**Your assignment**
Write out each entry word for word.

──────── Records shown

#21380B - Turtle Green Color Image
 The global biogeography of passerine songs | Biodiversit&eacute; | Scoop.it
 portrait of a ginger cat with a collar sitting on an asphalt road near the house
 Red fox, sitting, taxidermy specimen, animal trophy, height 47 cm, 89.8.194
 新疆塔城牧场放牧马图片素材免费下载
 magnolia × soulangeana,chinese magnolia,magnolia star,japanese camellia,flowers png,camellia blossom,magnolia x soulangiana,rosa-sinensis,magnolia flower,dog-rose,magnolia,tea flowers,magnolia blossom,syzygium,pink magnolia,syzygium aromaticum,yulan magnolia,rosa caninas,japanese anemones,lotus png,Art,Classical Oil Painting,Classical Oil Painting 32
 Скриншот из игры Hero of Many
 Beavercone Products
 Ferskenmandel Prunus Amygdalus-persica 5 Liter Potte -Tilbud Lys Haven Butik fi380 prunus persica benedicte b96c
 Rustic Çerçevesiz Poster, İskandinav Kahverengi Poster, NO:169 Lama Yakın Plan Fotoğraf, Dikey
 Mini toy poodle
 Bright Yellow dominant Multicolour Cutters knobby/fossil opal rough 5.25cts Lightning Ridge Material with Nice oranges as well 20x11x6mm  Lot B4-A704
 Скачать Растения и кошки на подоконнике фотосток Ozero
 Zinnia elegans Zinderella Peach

────────────────

**Result of the exercise**
#21380B - Turtle Green Color Image
 The global biogeography of passerine songs | Biodiversit&eacute; | Scoop.it
 portrait of a ginger cat with a collar sitting on an asphalt road near the house
 Red fox, sitting, taxidermy specimen, animal trophy, height 47 cm, 89.8.194
 新疆塔城牧场放牧马图片素材免费下载
 magnolia × soulangeana,chinese magnolia,magnolia star,japanese camellia,flowers png,camellia blossom,magnolia x soulangiana,rosa-sinensis,magnolia flower,dog-rose,magnolia,tea flowers,magnolia blossom,syzygium,pink magnolia,syzygium aromaticum,yulan magnolia,rosa caninas,japanese anemones,lotus png,Art,Classical Oil Painting,Classical Oil Painting 32
 Скриншот из игры Hero of Many
 Beavercone Products
 Ferskenmandel Prunus Amygdalus-persica 5 Liter Potte -Tilbud Lys Haven Butik fi380 prunus persica benedicte b96c
 Rustic Çerçevesiz Poster, İskandinav Kahverengi Poster, NO:169 Lama Yakın Plan Fotoğraf, Dikey
 Mini toy poodle
 Bright Yellow dominant Multicolour Cutters knobby/fossil opal rough 5.25cts Lightning Ridge Material with Nice oranges as well 20x11x6mm  Lot B4-A704
 Скачать Растения и кошки на подоконнике фотосток Ozero
 Zinnia elegans Zinderella Peach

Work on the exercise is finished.